DATA Block Start

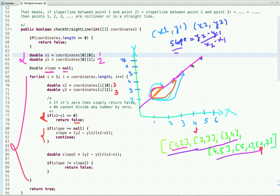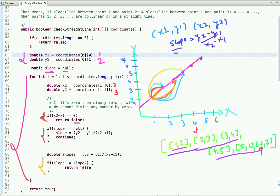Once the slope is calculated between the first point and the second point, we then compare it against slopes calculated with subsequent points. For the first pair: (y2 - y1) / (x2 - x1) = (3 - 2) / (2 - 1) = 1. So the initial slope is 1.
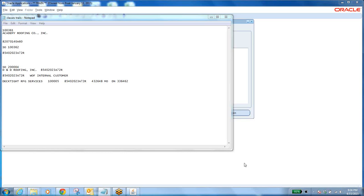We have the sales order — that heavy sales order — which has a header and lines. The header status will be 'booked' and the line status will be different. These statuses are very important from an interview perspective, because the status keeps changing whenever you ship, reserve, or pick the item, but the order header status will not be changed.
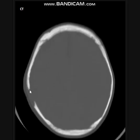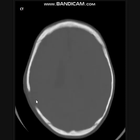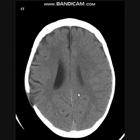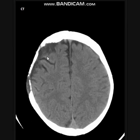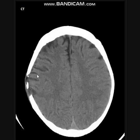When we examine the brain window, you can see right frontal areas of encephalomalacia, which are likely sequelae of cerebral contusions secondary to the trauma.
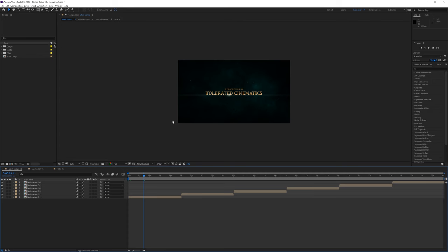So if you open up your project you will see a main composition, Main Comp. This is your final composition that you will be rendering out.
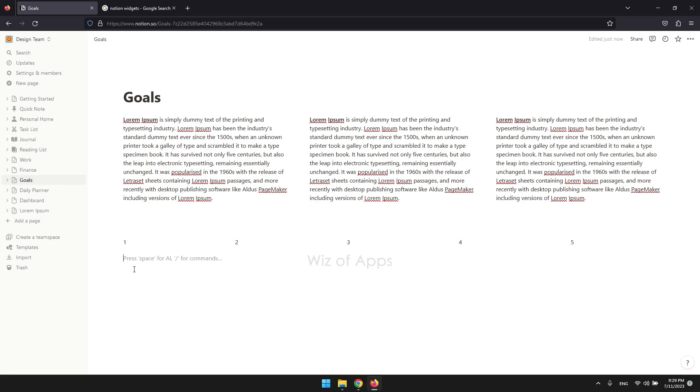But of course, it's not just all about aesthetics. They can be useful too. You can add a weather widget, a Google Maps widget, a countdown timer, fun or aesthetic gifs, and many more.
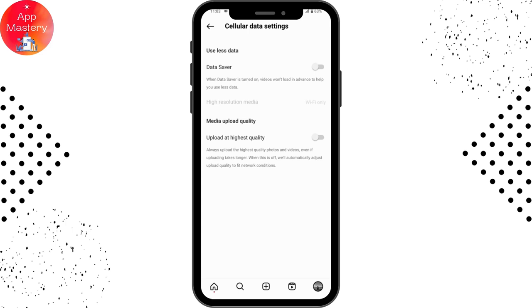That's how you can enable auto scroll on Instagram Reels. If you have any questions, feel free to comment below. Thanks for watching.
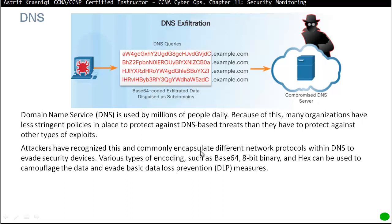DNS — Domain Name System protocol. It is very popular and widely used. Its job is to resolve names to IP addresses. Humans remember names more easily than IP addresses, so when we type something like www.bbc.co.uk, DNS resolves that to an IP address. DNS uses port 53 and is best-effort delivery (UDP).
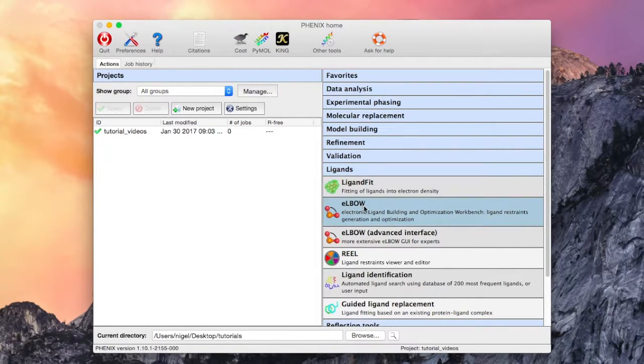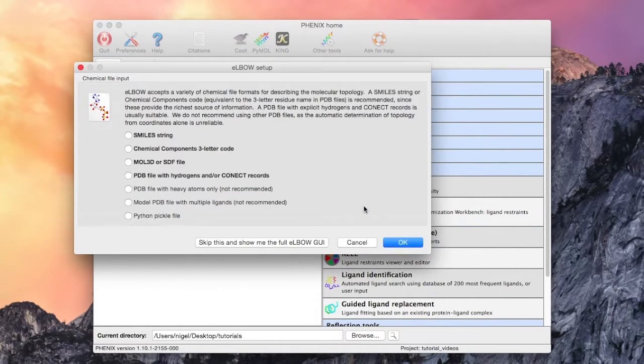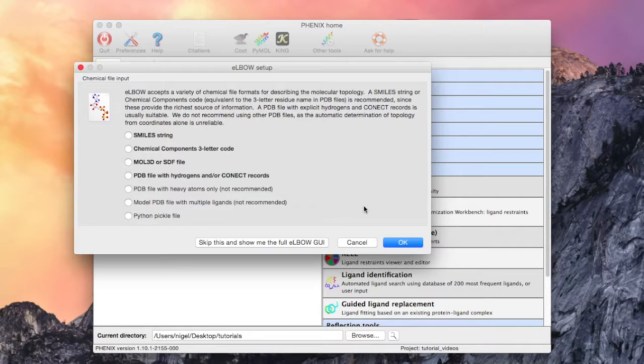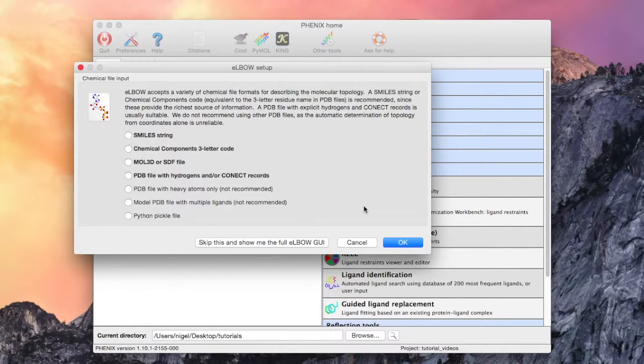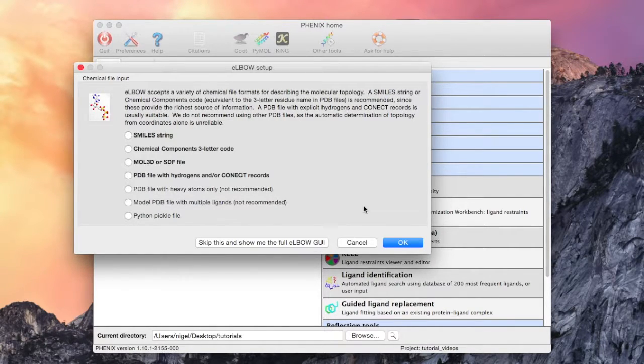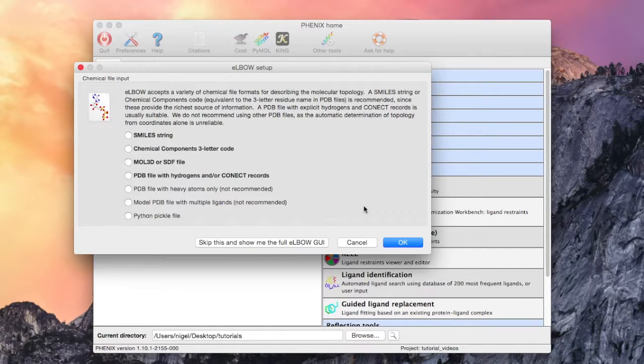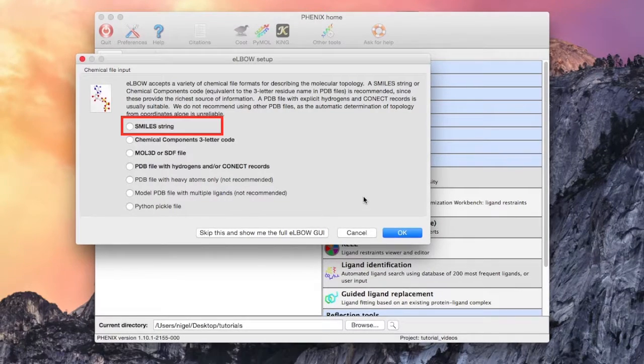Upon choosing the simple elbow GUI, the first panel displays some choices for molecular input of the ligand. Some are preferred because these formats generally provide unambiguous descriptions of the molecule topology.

DATA Block End

## [WHAT YOU WILL DO]
Taking each record in turn, retype it exactly and drop any picture.

## [ANSWER TO THIS TASK]
Once the slope is calculated between the first point and the second point, we then compare it against slopes calculated with subsequent points. For the first pair: (y2 - y1) / (x2 - x1) = (3 - 2) / (2 - 1) = 1. So the initial slope is 1.
We have the sales order — that heavy sales order — which has a header and lines. The header status will be 'booked' and the line status will be different. These statuses are very important from an interview perspective, because the status keeps changing whenever you ship, reserve, or pick the item, but the order header status will not be changed.
When we examine the brain window, you can see right frontal areas of encephalomalacia, which are likely sequelae of cerebral contusions secondary to the trauma.
So if you open up your project you will see a main composition, Main Comp. This is your final composition that you will be rendering out.
But of course, it's not just all about aesthetics. They can be useful too. You can add a weather widget, a Google Maps widget, a countdown timer, fun or aesthetic gifs, and many more.
That's how you can enable auto scroll on Instagram Reels. If you have any questions, feel free to comment below. Thanks for watching.
DNS — Domain Name System protocol. It is very popular and widely used. Its job is to resolve names to IP addresses. Humans remember names more easily than IP addresses, so when we type something like www.bbc.co.uk, DNS resolves that to an IP address. DNS uses port 53 and is best-effort delivery (UDP).
Upon choosing the simple elbow GUI, the first panel displays some choices for molecular input of the ligand. Some are preferred because these formats generally provide unambiguous descriptions of the molecule topology.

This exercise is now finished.